This symbolic or typological interpretation, however, is not to say that Melchizedek did not exist; he did. But it is to say that his perpetual ministry may be in view, rather than the man himself. This is seen in the last verse of Heb. 6, which says, “Where the forerunner Jesus entered [behind the curtain of the temple] on our behalf, becoming the high priest forever, after the order of Melchizedek” (v. 20, my translation). So Melchizedek’s order of priesthood is more important than the priest himself. And the author of Hebrews also engaged in symbolical or typological interpretation of Levi existing in the loins of his great-grandfather. This is family solidarity, wrapped in the patriarch’s body, so to speak.

Thus the author’s theological and typological interpretation–though inspired by the Spirit–is not a strong foundation on which to build the practical policy of tithing in the church. It’s best not to over-stretch an already delicate interpretation of Gen. 14:17-24.

4:

Even Abram the patriarch, the founding father of the Hebrews and Israelites and Jews—all three titles of the same people by historical stages—paid the tithe—literally the “top spoils”—to Melchizedek. This was a one-time act because he gave away the rest of the spoils of war to his allies. Abram grew rich, but there is no record that he perpetually paid the tithe to the priest.

5-7:

Here begins the contrast between the Levitical order and the order of Melchizedek, with the Greek particles mende. Men is used in v. 5, and its counterpart de is used in v. 6. (This intelligent use of the particles indicates that the author of Hebrews had some rhetorical training in the Greek literature of the more conceptual or philosophical kind.) To draw the stark contrast, I translate the particles as “on the one hand” and “on the other hand.”
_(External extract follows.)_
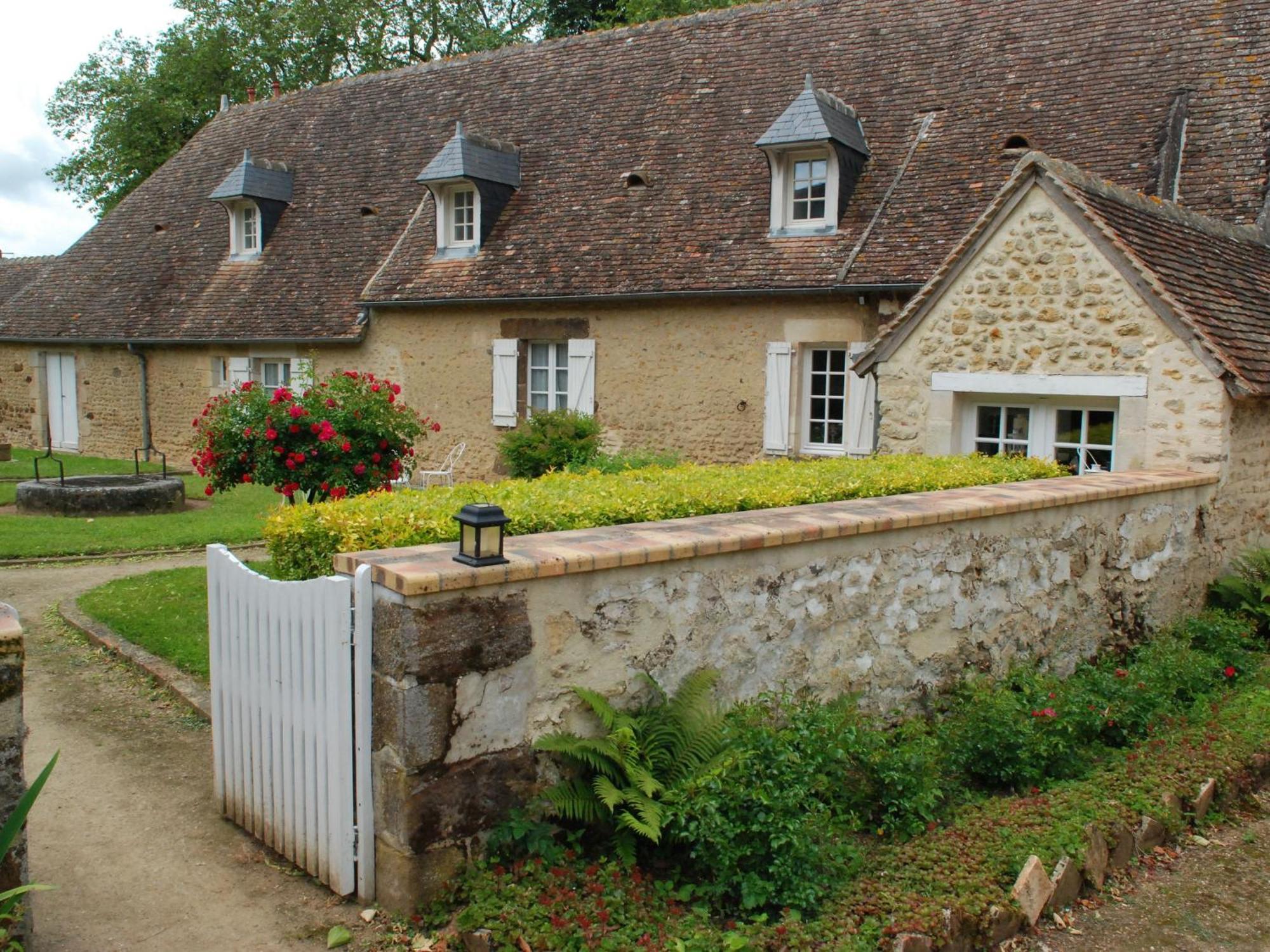 Petite Maison De Campagne Avec Piscine Chauffee, Tennis Et Nombreuses Activites Pour Tous! - Fr-1-410-270 Villa Maresché Buitenkant foto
Here’s the contrast: On the one hand, Levi descends from Abraham, and so do his sons, who received the priesthood by mandate and command and the law of Moses (v. 5). They descend from the “loins” of their great-grandfather Abraham, an idea the author of Hebrews will carry to its logical conclusion in v. 10. On the other hand, the one without derived descent (the Greek word genealogy again, see v. 3) from these Levitical priests received the tenth or tithe from Abraham and blessed him who had the promises. In v. 7, Melchizedek was a high priest and king of Salem; therefore he has greater status than Abraham does, so Melchizedek’s blessing indicates that he is superior to the patriarch and so is Jesus of greater status.
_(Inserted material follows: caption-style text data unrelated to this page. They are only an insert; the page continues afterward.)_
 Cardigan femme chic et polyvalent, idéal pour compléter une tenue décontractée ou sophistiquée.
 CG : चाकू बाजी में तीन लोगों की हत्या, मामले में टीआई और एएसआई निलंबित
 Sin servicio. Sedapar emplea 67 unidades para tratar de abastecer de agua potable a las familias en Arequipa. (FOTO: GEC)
What promises could Abraham claim? The ones delivered in Gen. 12. God promised Abraham that his descendants would become a great nation, and everyone who blesses them will be blessed, and everyone who curses them will be cursed (vv. 1-3). He also received the covenant and a reinforcement or confirmation of the promises in Gen. 15. Abraham believed the Lord, and it was credited or imputed to him as righteousness (v. 6).
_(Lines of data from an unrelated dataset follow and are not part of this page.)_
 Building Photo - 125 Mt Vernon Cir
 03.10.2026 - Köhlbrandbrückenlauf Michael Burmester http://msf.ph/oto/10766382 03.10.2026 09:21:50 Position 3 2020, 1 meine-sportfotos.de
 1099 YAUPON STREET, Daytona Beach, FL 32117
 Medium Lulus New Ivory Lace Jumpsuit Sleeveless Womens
See my post: What Is Biblical Imputation?

God initiated and unilaterally acted by his grace, and Abraham responded with faith. So Abraham is the man of God who receives the promises, in distinction to the later people during the time of Moses who receive the law and are people of God’s law. Righteousness was supposed to come through the law, which is an inferior channel when it is stood in contrast to righteousness by faith.

The author of Hebrews drives home the point of vv. 5-6 in v. 7, as follows: the priest of greater status (Melchizedek) blessed Abraham and the priests of lesser status (embodied in Levi). Therefore, the priesthood of Melchizedek is greater than the Levitical priesthood. Jesus belongs to the priesthood of Melchizedek, and therefore Jesus the high priest is superior to the Aaron the high priest (see Heb. 7:11-28).

8:

This verse shows another sharp contrast. The Greek is even stronger than the mende particles in vv. 5-6.

In any case, the Levitical priests died, yet they received the tithe, while Melchizedek was declared by Scripture to be alive—or his priestly ministry embodied in the person of Melchizedek is still alive. He received the patriarch’s tenth of the top spoils of war.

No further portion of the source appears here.